The Hooters

Sample this concert
  1. 1Day By Day04:09
  2. 2Hanging By A Heartbeat04:41
  3. 3She Comes In Colors04:02
  4. 4Don't Take The Car Out Tonight04:32
  5. 5Lucy In The Sky With Diamonds03:59
  6. 6Where Do The Children Go?05:45
  7. 7All You Zombies06:20
  8. 8Time After Time04:41
  9. 9Trouble In Paradise05:06
  10. 10Who's That Girl?02:49
  11. 11And We Danced05:11
Liner Notes

Eric Bazilian - vocals, guitars, mandolin, saxophone; Rob Hyman- vocals, keyboards; John Lilley - guitar; Andy King - bass; David Uosikkinen - drums

The Hooters were arguably one of the best rock bands to emerge from Philadelphia. Although their global success was limited to the first couple of albums and a few MTV video hits from 1984/85, The Hooters were hometown heroes in Philly (and their native Ardmore, PA), which peaked with an appearance at the U.S. version of Live Aid.

This show, recorded for the King Biscuit Flower Hour on Halloween 1985, came three months after the band's historic Live Aid appearance. This show was essentially a replay of the band's breakthrough LP on Columbia Records, which featured the Top 10 hit, "All You Zombies."

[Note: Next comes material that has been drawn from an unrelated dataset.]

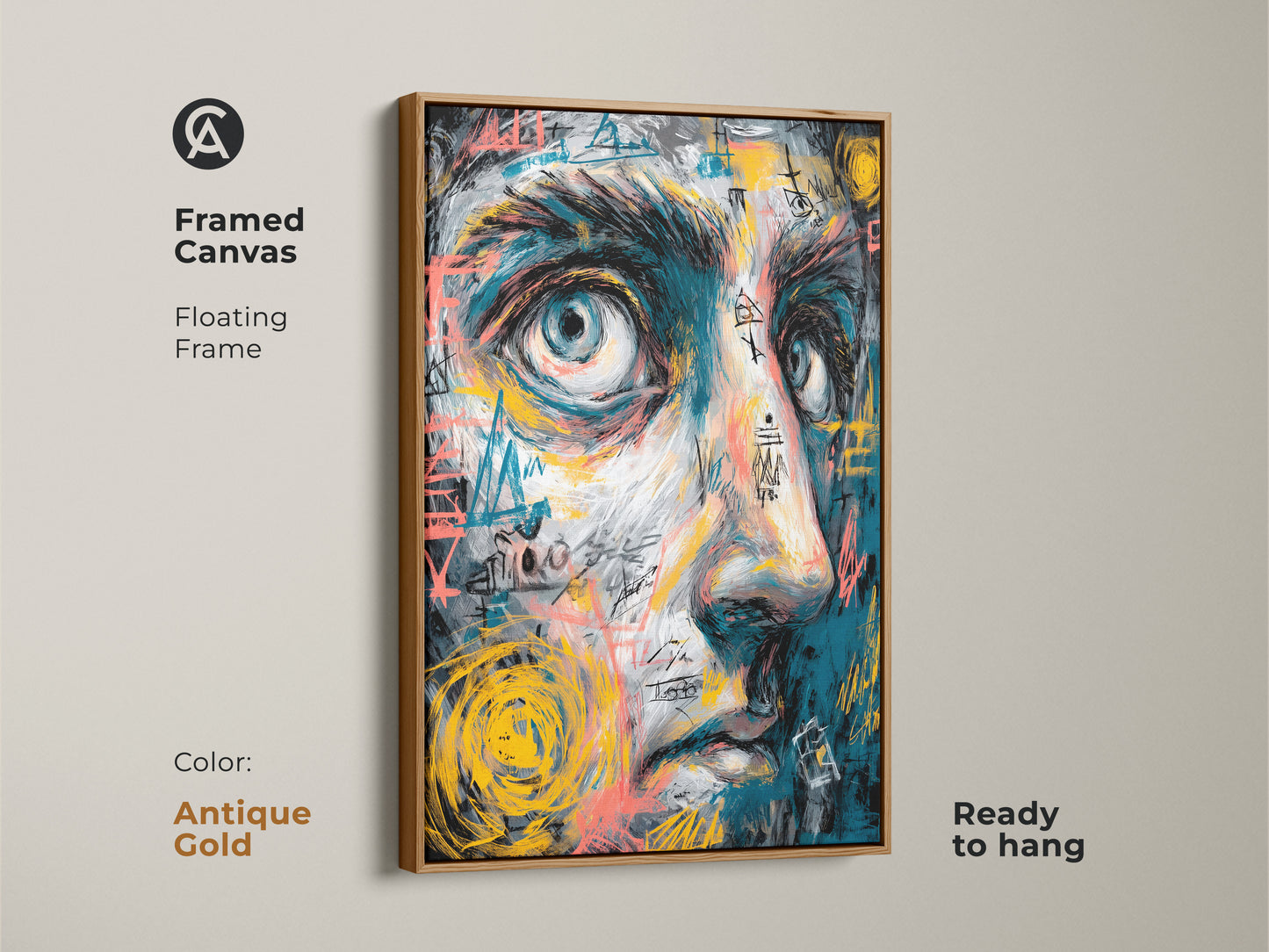 Framed canvas art with a floating antique gold frame. The artwork showcases a person's face with blue and graffiti details. This framed canvas is ready to hang. The antique gold frame adds a touch of elegance.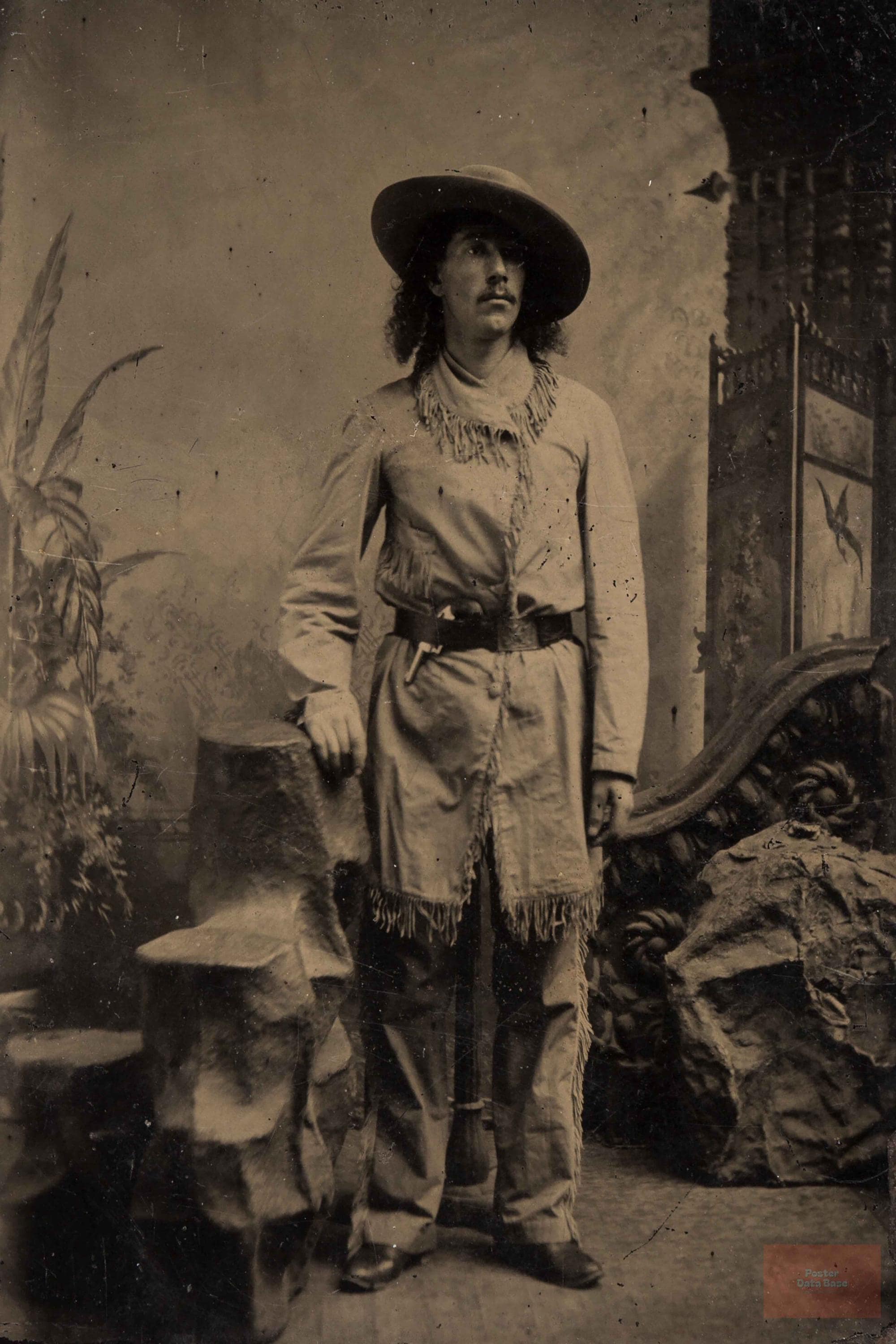 Texas Jack Omohundro 19th-century Cowboy Tintype Photograph – Old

"Day By Day" opens the show with the energy of a locomotive, and slides comfortably into "Hanging By A Heartbeat." "She Comes In Colors" and "Don't Take The Car Out Tonight" lead into the band's innovative cover of The Beatles classic, "Lucy In The Sky With Diamonds."

"Where Do The Children Go?," a compelling ballad rumored to have been written about the deadly government raid on the Move compound (a radical African-American sect that had been operating in Philadelphia) is a highpoint of the show.

"All You Zombies," the funk-reggae song that was an MTV and radio hit when this show was taped, is next, followed by the band's own version of "Time After Time," the ballad they wrote for Cyndi Lauper, which she turned into a hugely successful song. They close with "And We Danced," the follow-up hit to "All You Zombies."

The Hooters morphed from another popular Philly based band, Baby Grand, which also featured Bazilian and Hyman. The Hooters never matched the success they saw between 1984 and 1986, and ended up splitting up in the late 1990s, reforming in 2007. They have resumed touring, focusing on markets such as Europe and Japan.